• [What the task requires]: Everything from the line containing "Lego Creator Expert" through the final line below must be output exactly, both ends included, with nothing else and no pictures.

• [Data]:

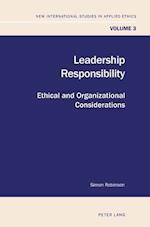 Robinson, S: Leadership Responsibility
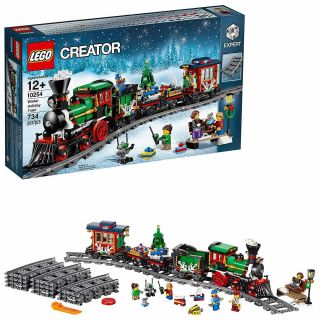Lego Creator Expert Winter Holiday Train 10254 Christmas Train Set With Full And
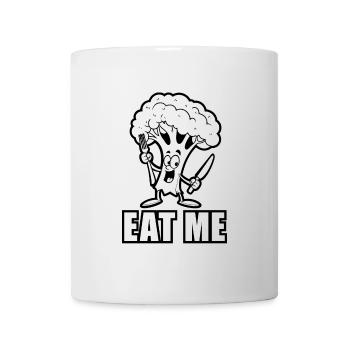 Brokkoli - Eat me - Gemüse, vegan - Tasse - Weiß - Vorne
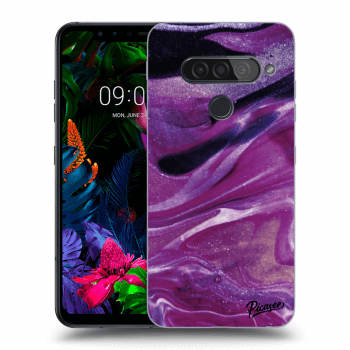 Husă pentru LG G8s ThinQ - Purple glitter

• [Solution to this exercise]:
Lego Creator Expert Winter Holiday Train 10254 Christmas Train Set With Full And
 Brokkoli - Eat me - Gemüse, vegan - Tasse - Weiß - Vorne
 Husă pentru LG G8s ThinQ - Purple glitter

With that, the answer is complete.